Congratulations to long-time Mariners trainer Rick Griffin, who is missing a rare game in his 29-year career in Seattle. Griffin is in New Orleans to accept the Most Distinguished Trainer award from the PBATS (Professional Baseball Athletic Trainers Society) at the yearly symposium of the National Athletic Trainers Association. Their only higher honor is induction into the Hall of Fame — and you can’t achieve that unless you’ve won the Most Distinguished Trainer award. Griffin will return Wednesday. In his absence, assistant Rob Nodine will serve as head trainer.
This series will be the second this season for the Mariners this season under National League rules (not the first, as I originally said; they played in San Diego in May), taking away the designated hitter. Considering that M’s DHs are hitting a combined .218 with two homers, that might not be a huge loss, but manager Eric Wedge doesn’t see it that way.
“It’s tough on us, but it’s tough on all American League clubs, because your team is built for that,” he said. “But that’s the way it is. It’s also fun in a way. It’s a different game. I enjoy it. But you have to ask people to do things they’re not used to doing. We’ll see what happens, but it is more of a challenge.”
Miguel Olivo gets a rest today, with Chris Gimenez doing the catching. Wedge said he made the move so that Olivo can have two consecutive days of rest (combined with Monday’s off day). With lefty John Lannan starting for the Nationals on Wednesday, he wanted Olivo to play then, and he also wanted him to catch Michael Pineda on Thursday.
“I thought long and hard about it, but we pushed him pretty good back there (during their homestand and a recent 20-game stretch of playing every day),” Wedge said. “I think to give him two days here will make a big difference for him, and hopefully we can push him through as we head back home.”
With Dustin Ackley batting fifth today (pushed up from sixth because of the pitcher batting ninth), I asked Wedge where he ultimately sees the rookie hitting in the order.
“I’ve said, sitting here today, he could end up one, two or three. That would probably be my best bet. I’m not sure where he would fit in best, but I would say one of those top three spots. He’s only been here for a few days. He’ll be up there at some point in time. Let’s let him get a road trip under his belt, and let’s let him play a little bit here first.”

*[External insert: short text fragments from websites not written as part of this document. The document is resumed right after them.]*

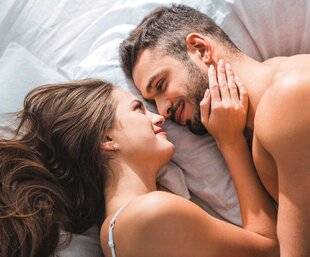 Biba 536 Faire remonter sa libido après bébé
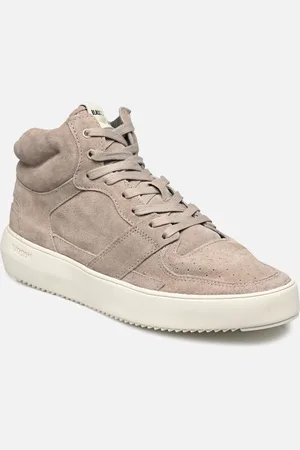 Blackstone YG01 - Sneakers - Taglia 40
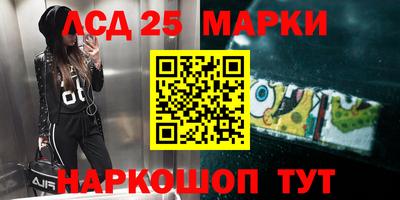 индика Гагарин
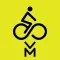 Los Angeles Bike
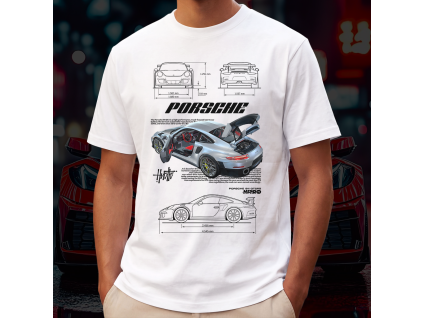 Untitled Project Mockup 4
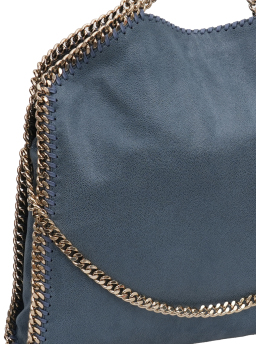 ΓΥΝΑΙΚΕΙΑ ΤΣΑΝΤΑ ΩΜΟΥ FALABELLA 3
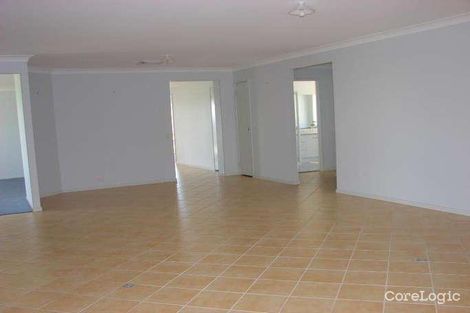 Property photo of 15 Edinglassie Drive Muswellbrook NSW 2333
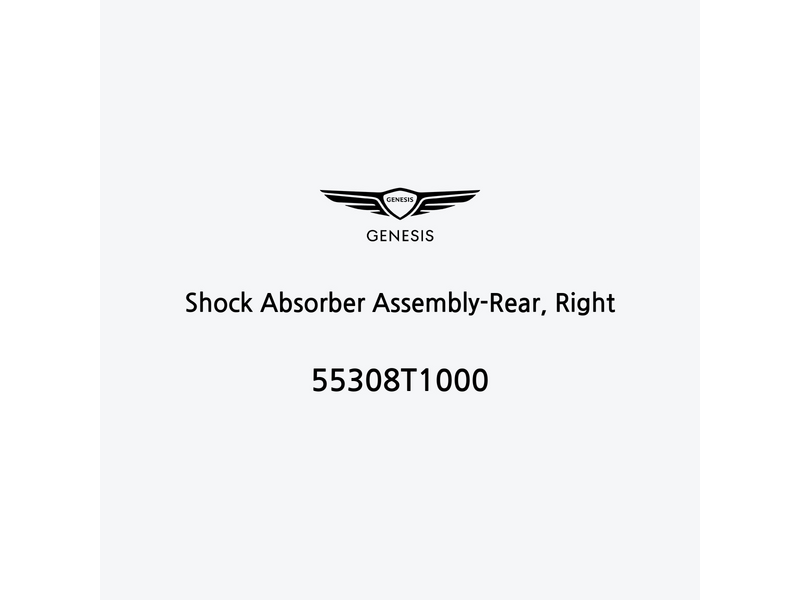 shock-absorber-assembly-rear-right-55308t1000-it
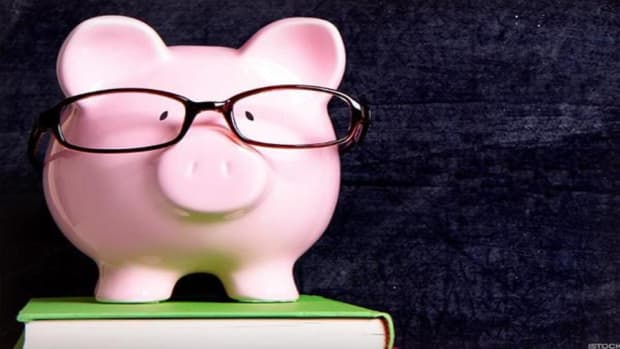 Daily Earnings Round-Up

Wedge said he likes to protect young hitters, but sometimes they convince him that’s not necessary.
“I think it depends on the individual. Early in the year I felt strong about Smoak at either three or five. And then I got a feel for him a little more and he started to establish himself a little more. I think he’s going to end up either three, four or five, so now we’re giving him some experience in the four hole, too. Younger players, typically, you’d like for them to stay under the radar a little bit, but sometimes they take it out of your hands. Sometimes they push you. You have to make sure that mentally, they’re ready to handle it.”